U.S. backup withholding (currently at a rate of 28%) is imposed on certain payments to persons that fail to furnish the information required under the U.S. information reporting requirements. Dividends paid to a non-U.S. holder of our securities generally will be exempt from backup withholding if the non-U.S. holder provides to the applicable withholding agent a properly executed Internal Revenue Service Form W-8BEN, W-8BEN-E or W-8ECI (as applicable) or otherwise establishes an exemption.

 

We must report annually to the Internal Revenue Service and to each non-U.S. holder the amount of dividends paid to such holder and the tax withheld with respect to such dividends, regardless of whether withholding was required. Copies of the information returns reporting such dividends and withholding may also be made available to the tax authorities in the country in which the non-U.S. holder resides under the provisions of an applicable income tax treaty.

 

Under U.S. Treasury Regulations, the payment of proceeds from the disposition of our securities by a non-U.S. holder effected at a U.S. office of a broker generally will be subject to information reporting and backup withholding, unless the beneficial owner, under penalties of perjury, certifies, among other things, its status as a non-U.S. holder or otherwise establishes an exemption. The certification procedures described above will satisfy these certification requirements as well. The payment of proceeds from the disposition of our securities by a non-U.S. holder effected at a non-U.S. office of a broker generally will not be subject to backup withholding and information reporting, except that information reporting (but generally not backup withholding) may apply to payments if the broker is:

 

 

a U.S. person;

 

a “controlled foreign corporation” for U.S. federal income tax purposes;

 

a foreign person, 50% or more of whose gross income from certain periods is effectively connected with a U.S. trade or business; or

 

a foreign partnership if at any time during its tax year (a) one or more of its partners are U.S. persons who, in the aggregate, hold more than 50% of the income or capital interests of the partnership or (b) the foreign partnership is engaged in a U.S. trade or business.

 

Backup withholding is not an additional tax.
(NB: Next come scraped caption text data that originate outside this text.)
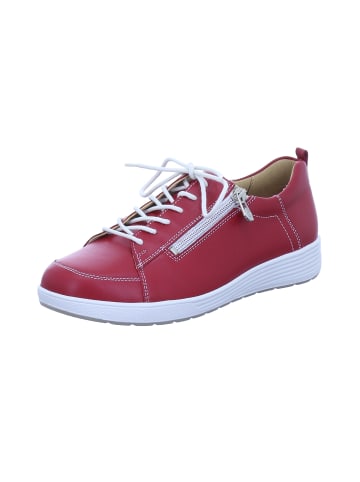 Ganter Sneaker Low in rot
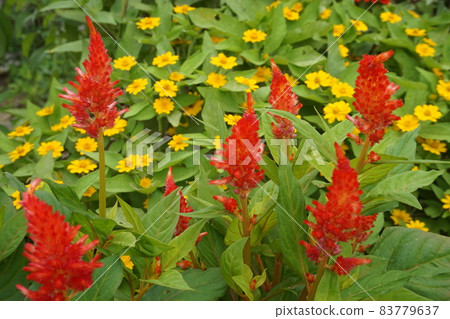 Spring flower bed Spring flower bed 83779637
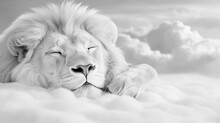 眠れる獅子 無料画像 - Public Domain Pictures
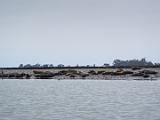 02-A Elkhorn Slough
Any amounts withheld under the backup withholding rules may be allowed as a refund or a credit against a non-U.S. holder’s United States federal income tax liability provided the required information is timely furnished to the Internal Revenue Service.

 

Additional Withholding Requirements

 

Under Sections 1471 through 1474 of the Code (such Sections commonly referred to as “FATCA”), a 30% United States federal withholding tax may apply to any dividends paid on our securities and, for a disposition of our securities occurring after December 31, 2018, the gross proceeds from such disposition, in each case paid to (i) a “foreign financial institution” (as specifically defined in the Code), whether such foreign financial institution is the beneficial owner or an intermediary, which does not provide sufficient documentation, typically on Internal Revenue Service Form W-8BEN-E, evidencing either (x) an exemption from FATCA, or (y) its compliance (or deemed compliance) with FATCA (which may alternatively be in the form of compliance with an intergovernmental agreement with the United States) in a manner which avoids withholding, or (ii) a “non-financial foreign entity” (as specifically defined in the Code), whether such non-financial foreign entity is the beneficial owner or an intermediary, which does not provide sufficient documentation, typically on Internal Revenue Service Form W-8BEN-E, evidencing either (x) an exemption from FATCA, or (y) adequate information regarding certain substantial United States beneficial owners of such entity (if any). If a dividend payment is both subject to withholding under FATCA and subject to the withholding tax discussed above under “—Dividends,” the withholding under FATCA may be credited against, and therefore reduce, such other withholding tax. You should consult your own tax advisor regarding these requirements and whether they may be relevant to your purchase, ownership and disposition of our securities.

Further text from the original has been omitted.